Não é a primeira nem será a última
vez que o jornal Globo ataca frontalmente a blogosfera. Tanto é que já estamos
com casco duro e nem damos bola. Vale a pena analisar, porém, detidamente o
editorial desta terça-feira do jornal O Globo, onde os platinados tentam
matar dois coelhos de uma vez: blindar a revista Veja e desqualificar o
pensamento que diverge da mídia corporativa em geral.
Usemos aquele método de fazer
comentários intercalados. O editorial está em negrito, meus comentários em
fonte normal:
O Globo – 08/05/2012
Comecemos pelo título.
Evidentemente, Civita não é Murdoch. É pior. Murdoch queria só ganhar mais
dinheiro. Civita queria ganhar mais dinheiro e derrubar governos. Murdoch
espezinhava celebridades, divulgando fofocas e intimidades. Civita aliou-se a
um mafioso para espionar autoridades com objetivo de chantageá-las e obter
vantagens financeiras e políticas. É como se descobrissem que a Fox aliou-se a
Bin Laden para tentar derrubar Obama, ou que o Times aliou-se à máfia chinesa,
que lhe fornecia vídeos oriundos de grampos ilegais, com objetivo de derrubar o
primeiro-ministro inglês.
Blogs
e veículos de imprensa chapa-branca que atuam como linha auxiliar de setores
radicais do PT desfecharam uma campanha organizada contra a revista “Veja”, na
esteira do escândalo Cachoeira/Demóstenes/Delta.
Globo inicia o texto através de uma
desqualificação grosseira. Baixou o nível. Blogs não tem obrigação de ser
neutros, nem de apoiar, nem de ser críticos. Blogs políticos nascem do desejo
pessoal de cidadãos brasileiros de expressarem sua opinião. Chamá-los de chapa
branca é aplicar-lhes um conceito já meio anacrônico do jornalismo comercial. É
ofensivo e equivocado. O Globo jamais chamou o blog da Veja, ou a própria
Veja, que são notoriamente pró-tucanos, de chapa-brancas em relação ao governo
de São Paulo. Na verdade, com o aumento do poder da mídia, somado às
circunstâncias políticas e históricas da democracia brasileira, de repente
ficou muito conveniente para a imprensa corporativa alardear sua ideologia de
que “jornalismo é oposição”. Pena que não fez isso durante a ditadura
brasileira, quando serviu à esta com submissão voluntária.

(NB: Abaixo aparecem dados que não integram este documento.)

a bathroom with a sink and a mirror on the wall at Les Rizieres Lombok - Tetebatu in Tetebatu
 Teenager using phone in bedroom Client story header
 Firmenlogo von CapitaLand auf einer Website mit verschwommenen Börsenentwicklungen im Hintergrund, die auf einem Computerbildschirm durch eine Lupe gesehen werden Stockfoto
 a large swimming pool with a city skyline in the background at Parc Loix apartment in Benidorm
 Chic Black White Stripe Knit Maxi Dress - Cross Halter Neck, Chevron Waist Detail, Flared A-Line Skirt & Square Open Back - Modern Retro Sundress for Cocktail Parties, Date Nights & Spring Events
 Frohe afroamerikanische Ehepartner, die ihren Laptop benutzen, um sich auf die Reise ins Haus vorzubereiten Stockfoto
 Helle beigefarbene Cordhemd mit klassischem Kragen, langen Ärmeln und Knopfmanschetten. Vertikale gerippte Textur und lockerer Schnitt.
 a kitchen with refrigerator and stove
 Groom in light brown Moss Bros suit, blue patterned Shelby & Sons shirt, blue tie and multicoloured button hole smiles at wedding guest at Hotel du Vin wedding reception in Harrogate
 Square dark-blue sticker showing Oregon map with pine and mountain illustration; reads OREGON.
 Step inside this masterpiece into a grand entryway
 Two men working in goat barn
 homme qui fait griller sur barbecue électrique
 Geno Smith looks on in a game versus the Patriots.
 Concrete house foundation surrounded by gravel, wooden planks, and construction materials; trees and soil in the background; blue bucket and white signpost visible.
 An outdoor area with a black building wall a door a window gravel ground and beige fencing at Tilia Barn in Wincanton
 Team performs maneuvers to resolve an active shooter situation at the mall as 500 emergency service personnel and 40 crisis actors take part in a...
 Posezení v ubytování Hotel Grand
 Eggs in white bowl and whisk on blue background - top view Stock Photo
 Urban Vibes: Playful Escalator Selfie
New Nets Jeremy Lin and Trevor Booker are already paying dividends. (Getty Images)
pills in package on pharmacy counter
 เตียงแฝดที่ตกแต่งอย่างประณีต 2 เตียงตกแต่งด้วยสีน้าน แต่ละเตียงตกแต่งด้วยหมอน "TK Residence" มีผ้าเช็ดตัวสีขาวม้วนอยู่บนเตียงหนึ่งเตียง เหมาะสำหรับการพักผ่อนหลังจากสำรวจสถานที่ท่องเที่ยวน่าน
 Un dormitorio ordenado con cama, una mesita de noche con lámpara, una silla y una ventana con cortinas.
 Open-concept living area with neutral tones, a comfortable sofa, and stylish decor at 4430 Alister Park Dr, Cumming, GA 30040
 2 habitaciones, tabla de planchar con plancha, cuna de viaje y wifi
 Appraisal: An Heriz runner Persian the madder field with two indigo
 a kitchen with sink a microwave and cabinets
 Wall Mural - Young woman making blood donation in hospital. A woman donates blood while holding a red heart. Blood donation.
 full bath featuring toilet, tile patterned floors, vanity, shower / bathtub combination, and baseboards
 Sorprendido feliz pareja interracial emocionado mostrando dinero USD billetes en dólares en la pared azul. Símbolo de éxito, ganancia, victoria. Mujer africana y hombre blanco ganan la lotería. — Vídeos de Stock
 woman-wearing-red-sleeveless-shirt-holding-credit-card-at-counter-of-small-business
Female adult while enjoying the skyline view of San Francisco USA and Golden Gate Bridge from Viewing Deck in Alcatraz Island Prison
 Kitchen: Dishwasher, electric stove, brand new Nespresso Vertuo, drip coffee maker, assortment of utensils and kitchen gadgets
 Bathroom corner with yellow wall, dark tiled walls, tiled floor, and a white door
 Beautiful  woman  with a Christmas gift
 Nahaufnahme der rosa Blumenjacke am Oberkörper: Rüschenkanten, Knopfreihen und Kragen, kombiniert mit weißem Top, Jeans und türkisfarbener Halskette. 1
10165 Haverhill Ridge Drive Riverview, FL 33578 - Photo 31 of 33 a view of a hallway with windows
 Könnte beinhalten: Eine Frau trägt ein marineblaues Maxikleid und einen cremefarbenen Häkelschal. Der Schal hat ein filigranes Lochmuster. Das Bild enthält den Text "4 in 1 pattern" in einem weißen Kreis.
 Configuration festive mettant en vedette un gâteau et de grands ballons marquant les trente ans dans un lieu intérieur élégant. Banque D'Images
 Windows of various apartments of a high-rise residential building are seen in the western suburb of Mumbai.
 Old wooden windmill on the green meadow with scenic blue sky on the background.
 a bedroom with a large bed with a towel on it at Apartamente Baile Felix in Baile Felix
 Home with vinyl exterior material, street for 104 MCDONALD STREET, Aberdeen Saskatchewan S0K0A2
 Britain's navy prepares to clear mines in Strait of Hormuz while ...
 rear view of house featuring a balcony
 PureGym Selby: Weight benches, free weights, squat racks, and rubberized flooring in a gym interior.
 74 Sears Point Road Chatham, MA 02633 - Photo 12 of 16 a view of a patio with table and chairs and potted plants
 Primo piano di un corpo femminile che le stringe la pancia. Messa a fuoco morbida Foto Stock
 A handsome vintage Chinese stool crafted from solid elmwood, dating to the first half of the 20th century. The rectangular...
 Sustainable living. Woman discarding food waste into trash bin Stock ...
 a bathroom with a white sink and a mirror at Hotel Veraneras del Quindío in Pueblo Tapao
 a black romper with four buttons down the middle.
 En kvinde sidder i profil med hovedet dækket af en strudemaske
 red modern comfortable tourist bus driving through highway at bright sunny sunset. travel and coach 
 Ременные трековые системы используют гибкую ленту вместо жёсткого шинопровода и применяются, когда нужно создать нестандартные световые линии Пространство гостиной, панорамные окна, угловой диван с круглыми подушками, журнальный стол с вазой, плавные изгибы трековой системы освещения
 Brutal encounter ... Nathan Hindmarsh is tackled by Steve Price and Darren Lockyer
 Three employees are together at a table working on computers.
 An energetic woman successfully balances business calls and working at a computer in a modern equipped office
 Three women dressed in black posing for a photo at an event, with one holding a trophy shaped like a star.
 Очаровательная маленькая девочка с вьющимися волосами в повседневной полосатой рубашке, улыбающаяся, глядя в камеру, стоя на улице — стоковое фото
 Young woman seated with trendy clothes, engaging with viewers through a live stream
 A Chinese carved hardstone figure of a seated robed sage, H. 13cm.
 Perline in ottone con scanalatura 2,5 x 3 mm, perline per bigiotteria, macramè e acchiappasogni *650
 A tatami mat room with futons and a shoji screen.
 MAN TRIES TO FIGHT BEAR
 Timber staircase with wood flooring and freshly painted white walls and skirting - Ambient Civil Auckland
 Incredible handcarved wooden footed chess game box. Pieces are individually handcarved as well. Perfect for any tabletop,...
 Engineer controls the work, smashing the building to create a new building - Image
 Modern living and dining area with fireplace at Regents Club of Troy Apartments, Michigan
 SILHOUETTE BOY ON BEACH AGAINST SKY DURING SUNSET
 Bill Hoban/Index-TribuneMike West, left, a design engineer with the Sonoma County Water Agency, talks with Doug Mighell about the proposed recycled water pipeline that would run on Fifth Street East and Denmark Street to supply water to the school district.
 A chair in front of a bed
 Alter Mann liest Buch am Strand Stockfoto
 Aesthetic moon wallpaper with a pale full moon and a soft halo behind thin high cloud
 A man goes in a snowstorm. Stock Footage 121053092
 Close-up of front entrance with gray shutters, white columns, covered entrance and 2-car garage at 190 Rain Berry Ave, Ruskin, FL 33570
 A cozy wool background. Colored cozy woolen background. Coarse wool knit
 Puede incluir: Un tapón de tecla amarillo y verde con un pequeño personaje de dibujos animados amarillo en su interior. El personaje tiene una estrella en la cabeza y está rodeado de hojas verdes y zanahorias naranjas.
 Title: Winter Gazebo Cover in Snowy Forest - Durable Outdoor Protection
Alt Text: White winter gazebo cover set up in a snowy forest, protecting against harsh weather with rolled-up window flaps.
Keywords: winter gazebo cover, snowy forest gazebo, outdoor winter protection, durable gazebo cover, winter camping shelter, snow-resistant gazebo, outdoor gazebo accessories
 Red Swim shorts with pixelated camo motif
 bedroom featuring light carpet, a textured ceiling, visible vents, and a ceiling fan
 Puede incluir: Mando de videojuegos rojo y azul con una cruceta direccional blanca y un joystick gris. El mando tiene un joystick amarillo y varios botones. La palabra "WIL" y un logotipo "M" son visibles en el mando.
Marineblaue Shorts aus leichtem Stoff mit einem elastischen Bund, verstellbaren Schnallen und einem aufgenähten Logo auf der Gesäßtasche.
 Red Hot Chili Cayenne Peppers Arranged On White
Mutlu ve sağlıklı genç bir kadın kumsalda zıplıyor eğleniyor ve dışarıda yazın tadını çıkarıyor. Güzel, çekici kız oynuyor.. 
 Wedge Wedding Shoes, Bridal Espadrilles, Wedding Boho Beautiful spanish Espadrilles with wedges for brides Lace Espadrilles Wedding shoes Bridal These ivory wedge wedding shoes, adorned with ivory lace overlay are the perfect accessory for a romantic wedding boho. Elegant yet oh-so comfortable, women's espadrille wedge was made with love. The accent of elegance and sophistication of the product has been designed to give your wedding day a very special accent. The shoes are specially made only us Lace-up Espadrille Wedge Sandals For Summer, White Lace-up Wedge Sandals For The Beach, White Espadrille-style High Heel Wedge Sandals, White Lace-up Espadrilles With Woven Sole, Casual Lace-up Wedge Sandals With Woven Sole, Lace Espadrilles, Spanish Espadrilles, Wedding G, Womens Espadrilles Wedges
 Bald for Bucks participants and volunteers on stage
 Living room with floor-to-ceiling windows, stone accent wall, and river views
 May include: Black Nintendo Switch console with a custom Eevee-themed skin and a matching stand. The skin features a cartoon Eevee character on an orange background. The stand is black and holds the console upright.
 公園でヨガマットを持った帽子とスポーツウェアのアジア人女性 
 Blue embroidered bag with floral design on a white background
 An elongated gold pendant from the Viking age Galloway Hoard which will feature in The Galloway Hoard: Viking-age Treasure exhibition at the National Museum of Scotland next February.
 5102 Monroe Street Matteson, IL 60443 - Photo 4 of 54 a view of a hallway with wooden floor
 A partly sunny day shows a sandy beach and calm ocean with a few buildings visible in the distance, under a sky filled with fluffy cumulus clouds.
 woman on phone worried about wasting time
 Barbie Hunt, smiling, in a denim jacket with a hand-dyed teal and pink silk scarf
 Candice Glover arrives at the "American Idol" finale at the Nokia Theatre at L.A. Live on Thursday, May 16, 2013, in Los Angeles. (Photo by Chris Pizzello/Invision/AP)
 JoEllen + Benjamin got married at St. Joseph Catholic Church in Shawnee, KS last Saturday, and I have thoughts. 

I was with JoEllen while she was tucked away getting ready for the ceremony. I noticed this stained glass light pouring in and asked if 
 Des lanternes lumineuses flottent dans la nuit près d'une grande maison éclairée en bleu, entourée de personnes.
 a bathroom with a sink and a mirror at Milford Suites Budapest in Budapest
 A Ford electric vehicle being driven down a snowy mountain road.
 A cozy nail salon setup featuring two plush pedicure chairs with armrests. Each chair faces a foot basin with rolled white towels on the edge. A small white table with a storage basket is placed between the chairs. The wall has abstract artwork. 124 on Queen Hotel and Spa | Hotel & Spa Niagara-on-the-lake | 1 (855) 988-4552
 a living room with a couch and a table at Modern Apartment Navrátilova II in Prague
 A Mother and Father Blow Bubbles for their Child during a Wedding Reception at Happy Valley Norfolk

Além disso, Globo difunde uma
inverdade ao atribuir a postura dos blogs a uma estratégia de “linha auxiliar
de setores radicais do PT”. A indignação pública contra os desmandos de Rupert
Murdoch não veio de setores esquerdistas radicais, assim como a indignação
contra a Veja também funciona num diapasão muito acima do PT, quanto mais de
suas alas radicais. É um movimento popular autêntico. O PT é que se identifica
com ele, e não o contrário. E a campanha não é organizada, como são as
campanhas “anti-corrupção” patrocinadas pela mídia e setores do
conservadorismo. Aí sim, há dinheiro e espaço nos jornais, em ações coordenadas
que usam oportunisticamente a luta contra a corrupção para fazer proselitismo
ideológico barato.
A
operação tem todas as características de retaliação pelas várias reportagens da
revista das quais biografias de figuras estreladas do partido saíram manchadas,
e de denúncias de esquemas de corrupção urdidos em Brasília por partidos da
base aliada do governo. É indisfarçável, ainda, a tentativa de atemorização da
imprensa profissional como um todo, algo que esses mesmos setores radicais do
PT têm tentado transformar em rotina nos últimos nove anos, sem sucesso, graças
ao compromisso, antes do presidente Lula e agora da presidente Dilma Rousseff,
com a liberdade de expressão.
O que o Globo chama de retaliação,
seria mais apropriado chamar de reação natural. Reação não apenas de petistas,
mas de amplos setores da intelectualidade, e da esquerda em geral, e não só do
Brasil, mas de todas as Américas (incluindo aí os EUA), às consequências
nocivas da concentração da mídia ao processo democrático. Esta é uma crítica
que se faz desde Cidadão Kane, de Orson Welles, filmado em 1941. É uma crítica
democrática, saudável. Ou o Globo acha que devemos achar muito normal que uma
revista use, ao longo de vários anos, grampos clandestinos fornecidos por uma
máfia sinistra, fazendo matérias que beneficiam financeiramente este grupo e a
própria revista?
A mídia omite a si mesma de suas
análises políticas. Ela se trata como uma espécie de deidade intocável, a
“imprensa independente”, ou “imprensa livre”, quando na verdade sabemos que são
empresas com interesses econômicos muito específicos. A Veja, por exemplo, tem
empresas que vendem livros didáticos para o Estado, e tem faturado milhões com
esse negócio, onde há uma relação promíscua entre política, imprensa e, como
agora está claro, máfia.
A
manobra se baseia em fragmentos de grampos legais feitos pela Polícia Federal
na investigação das atividades do bicheiro Carlinhos Cachoeira, pela qual se
descobriu a verdadeira face do senador Demóstenes Torres, outrora bastião da
moralidade, e, entre outros achados, ligações espúrias de Cachoeira com a
construtora Delta. As gravações registraram vários contatos entre o diretor da
sucursal de “Veja” em Brasília, Policarpo Jr., e Cachoeira. O bicheiro municiou
a reportagem da revista com informações e material de vídeo/gravações sobre o
baixo mundo da política, de que alguns políticos petistas e aliados fazem
parte.
Exatamente, a “manobra” se baseia em
grampos legais. Quer dizer que o Globo defende que apenas ele pode “manobrar”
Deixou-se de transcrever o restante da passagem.